## Stored data
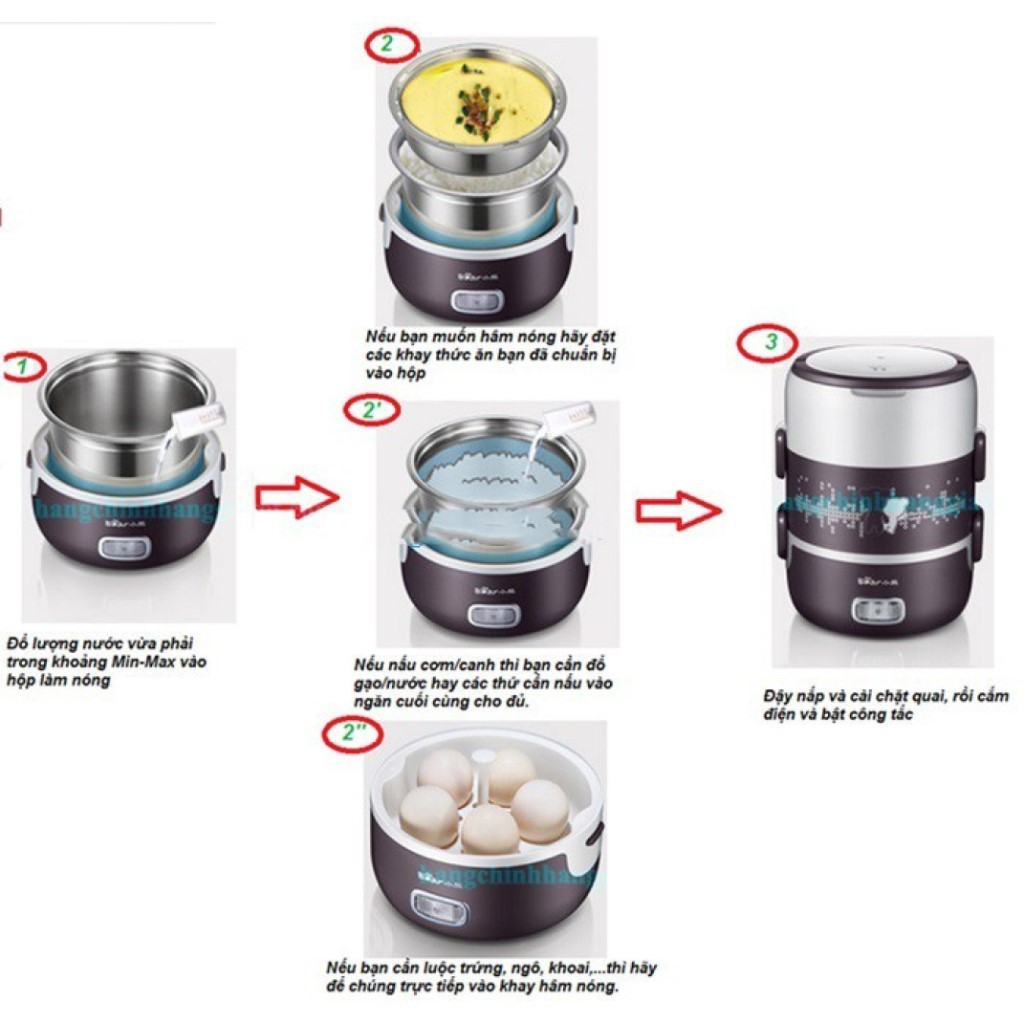 Hộp Cơm điện 3 Tầng Inox - Cặp Lồng Cơm 3 Tầng Star Cao Cấp | BigBuy360 - bigbuy360.vn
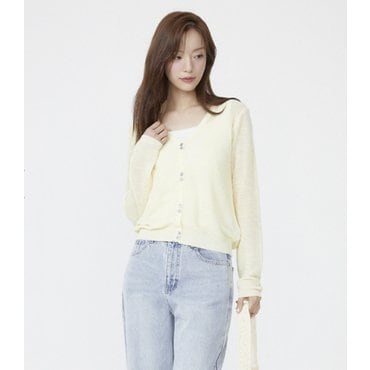 플라스틱아일랜드 투버튼 브이넥 가디건 (PR2KG631)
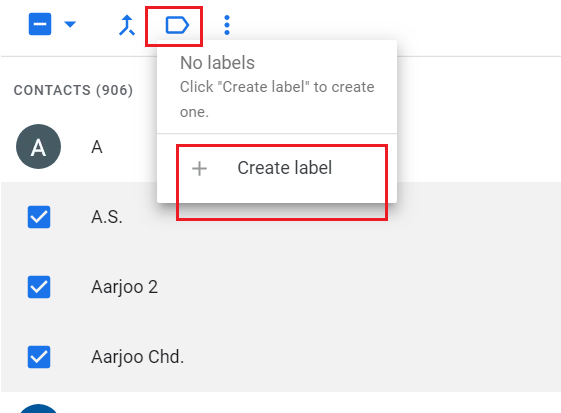 Google Contacts label menu for the selected contacts, with Create label highlighted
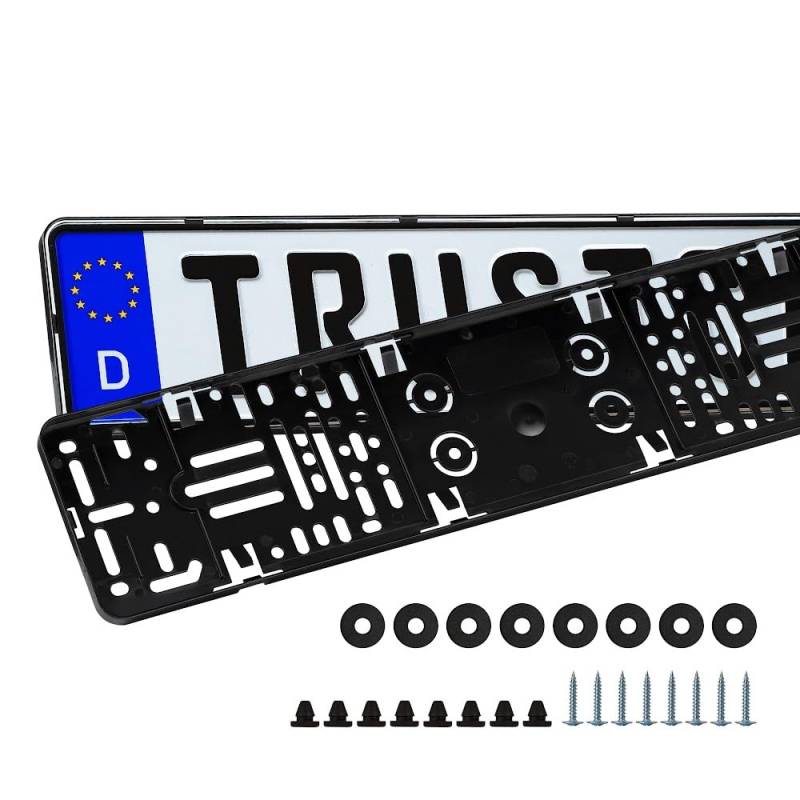 TRUSTCAR Kennzeichenhalter rahmenlos 2er Pack- universale Nummernschildhalterung fürs Auto - kompatibel mit jedem EU-zulässigen Nummernschild - inkl. Montagezubehör - 520 mm x 110 mm - Schwarz von TRUSTCAR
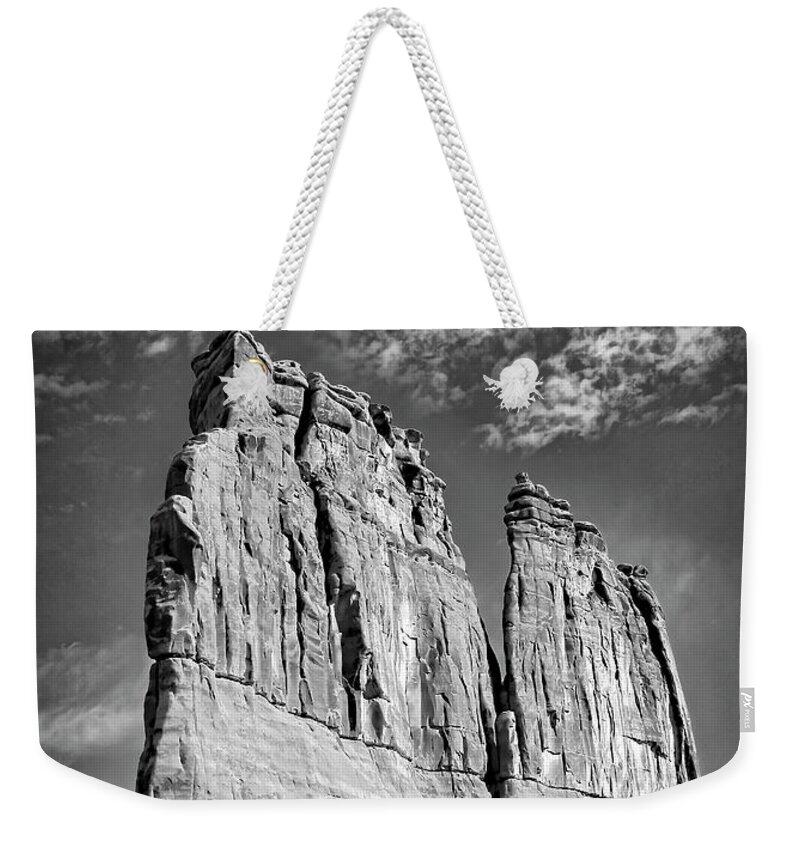 Arches National Park Weekender Tote Bag featuring the photograph Courthouse Towers BW by Susan Candelario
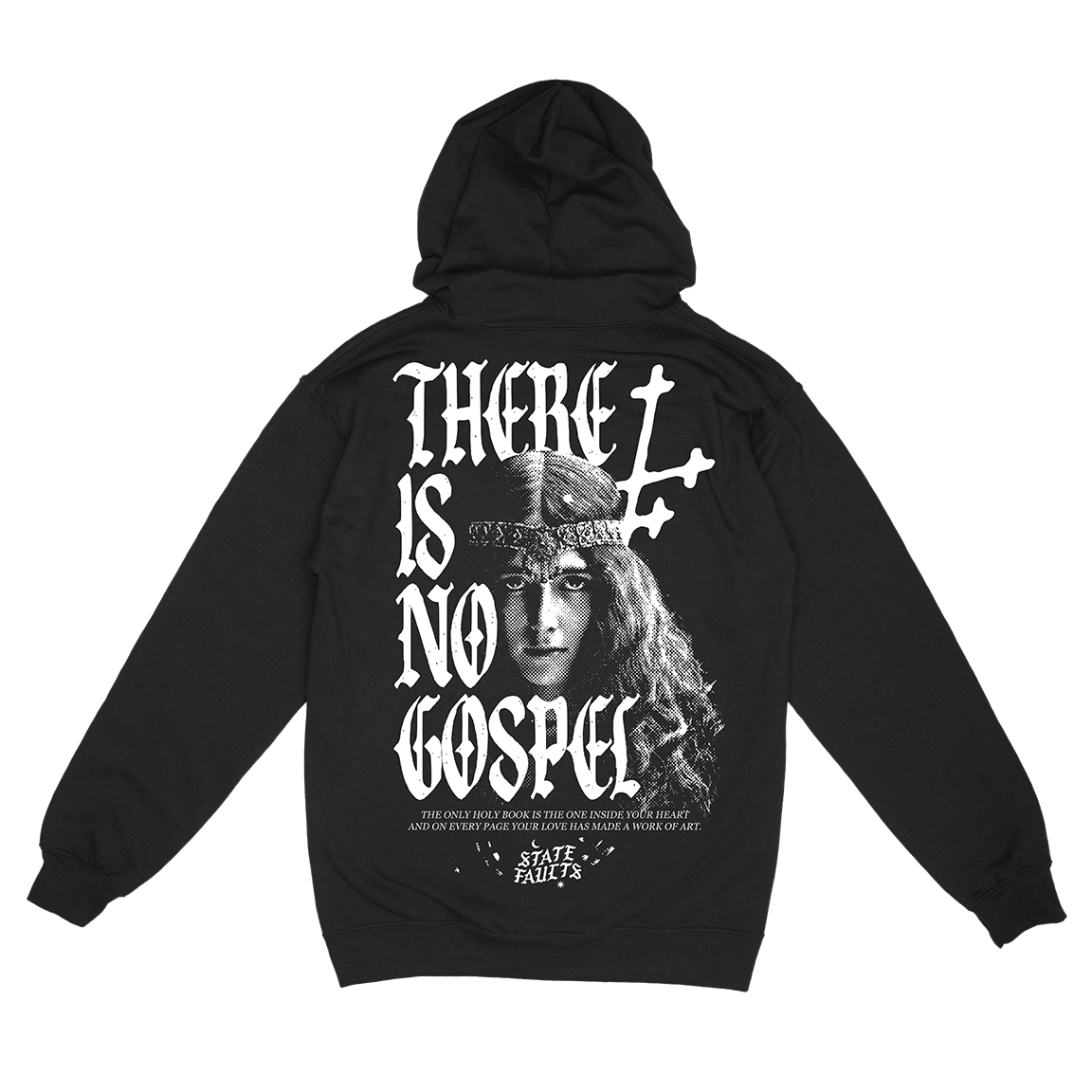 State Faults “No Gospel” Black Zip Up Sweatshirt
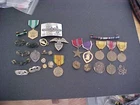 LOTS OF VINTAGE WORLD WAR 2 MEDALS AND OTHER MILITARY THINGS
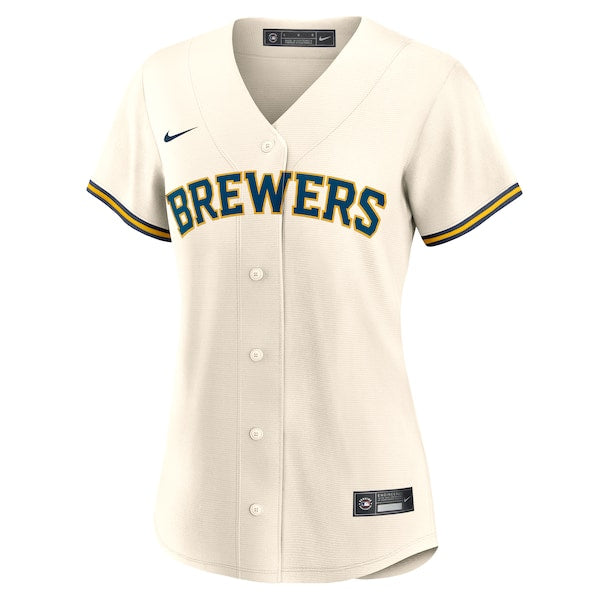 Jackson Chourio Milwaukee Brewers Nike Women's Home Replica Jersey - Cream - Image 2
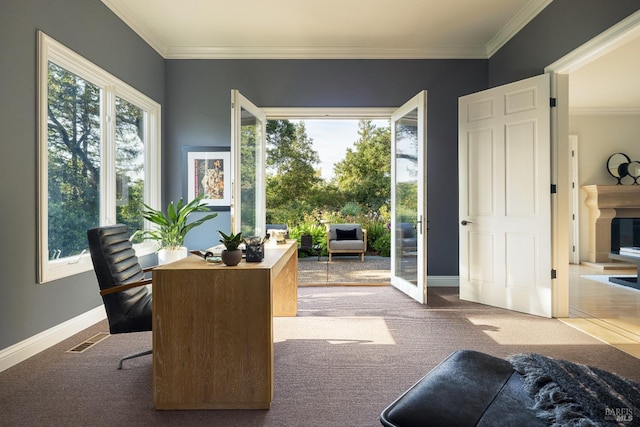 656 Goodhill Rd, Kentfield, CA 94904 - office with baseboards, ornamental molding, carpet flooring, and visible vents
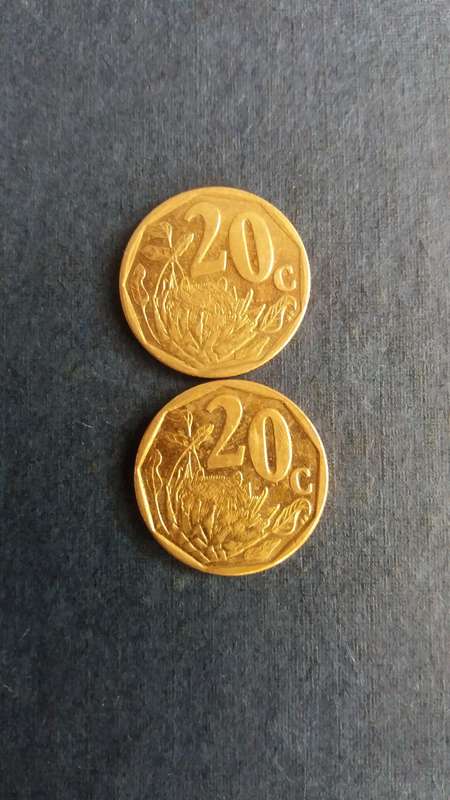 South Africa 2019 & 2020 20 cent * 2 x coins*  Condition AU/UNC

## Task goal
Write out, exactly and only, the lines from the one containing "656 Goodhill Rd, Kentfield, CA" through the last line of the material above. Pictures do not go in the copy.

## Finished exercise
 656 Goodhill Rd, Kentfield, CA 94904 - office with baseboards, ornamental molding, carpet flooring, and visible vents
 South Africa 2019 & 2020 20 cent * 2 x coins*  Condition AU/UNC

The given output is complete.